The movement imparted to inert bodies by the will is today so well known that it would be almost puerile to relate facts of this kind; the same is not the case, however, when the movement is accompanied by certain less common phenomena, for example, that of their suspension in space. Although the annals of Spiritism cite numerous examples, this phenomenon presents such a derogation of the laws of gravity that doubt seems quite natural to whoever has witnessed them. We ourselves, we confess, however habituated we may be to extraordinary things, were quite glad to verify its reality. The fact we are about to narrate was repeated several times before our eyes, in the gatherings that formerly took place at the house of Monsieur B***, on the Rue Lamartine, and we know that it occurred countless times in other places. We can, then, attest to it as incontestable. Here is how things took place:
Eight or ten people, among whom some endowed with a special power, although they were not recognized as mediums, would seat themselves around a heavy and massive dining table, with their hands at its edges and all united by intention and by will. At the end of a more or less long time, ten minutes or a quarter of an hour, according to whether the surrounding dispositions were more or less favorable, the table would set itself in motion, despite its weight of nearly one hundred kilograms; it would slide to the right or to the left on the floor; it would direct itself to various parts of the room that were designated; it would then raise itself, now on one foot, now on another, until forming an angle of 45°; and it would sway rapidly, imitating the rocking movement of a ship. If, in such a position, those present redoubled their efforts by their will, the table would rise completely off the ground, to ten or twenty centimeters in height, sustaining itself in this way in space without any point of support, for a few seconds, only to fall afterward with all its weight. The movement of the table, its raising onto one foot, and its rocking were produced more or less at will, several times during the gathering, and also several times without any contact of the hands; the will alone sufficed for the table to direct itself to the side indicated. The complete isolation was more difficult to obtain, and was repeated often, so as not to be seen as an exceptional fact. Now, this took place not only in the presence of the adepts, who might be believed very accessible to illusion, but before twenty or thirty people, among whom were some quite unsympathetic ones, who would not have failed to raise the suspicion of some secret trickery, without consideration for the master of the house, whose honorable character ought to have removed all thought of fraud and for whom, moreover, it would have been a very singular pleasure to spend a few hours per week mystifying an assembly, without any profit.

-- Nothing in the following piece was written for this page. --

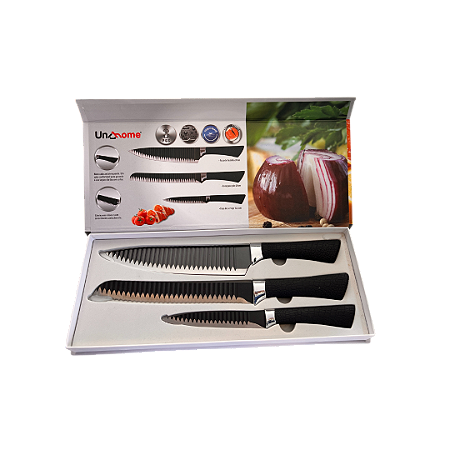 Kit de Facas Premium – Corte com Estilo e Precisão!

We narrate the fact in all its simplicity, without restriction or exaggeration. We shall not say, however, that we saw the table flutter in space as though it were a feather; but, even as things took place, the fact none the less demonstrates the possibility of the isolation of heavy bodies without a point of support, by means of a force until now unknown. Neither shall we say that it sufficed to extend the hand or to make some sign for the table, at that very instant, to move and to rise as if by enchantment.
On the contrary, we shall say, for the sake of truth, that the first movements always took place with a certain slowness, acquiring their maximum intensity only gradually. The complete raising occurred only after several preparatory movements, which were as it were rehearsals for a kind of heave. The acting force seemed to redouble its efforts to encourage those present, like a man or a horse performing a heavy task and that is spurred on by gestures and words. Once the effect was produced, everything returned to calm and, for a few moments, nothing was obtained, as if that same force had need to catch its breath.
We shall many times have occasion to cite phenomena of this kind, whether spontaneous or provoked, and realized in far more extraordinary proportions and circumstances; but, when we have been a witness, we shall always relate it in such a way as to avoid any false or exaggerated interpretation. If in the fact related above we had contented ourselves with saying that we saw a table of one hundred kilograms rise from the ground by the mere contact of the hands, let no one doubt that many people would think that the table had risen up to the ceiling, and with the rapidity of the blink of an eye. It is thus that the simplest things become prodigies through the proportions that the imagination lends them. What will not happen when the facts cross the centuries and pass through the mouths of poets! If it were said that superstition is the daughter of reality, one would have advanced a paradox, and yet nothing is more true; there is no superstition that does not rest upon a real foundation; everything lies in discerning where one ends and the other begins. The true means of combating superstitions is not to contest them in an absolute manner; in the minds of certain people there are ideas that are not so easily uprooted, because there are always facts to cite in support of their opinion; on the contrary, it is necessary to show what is real in them; then, only the ridiculous exaggeration will remain, to which good sense will do justice.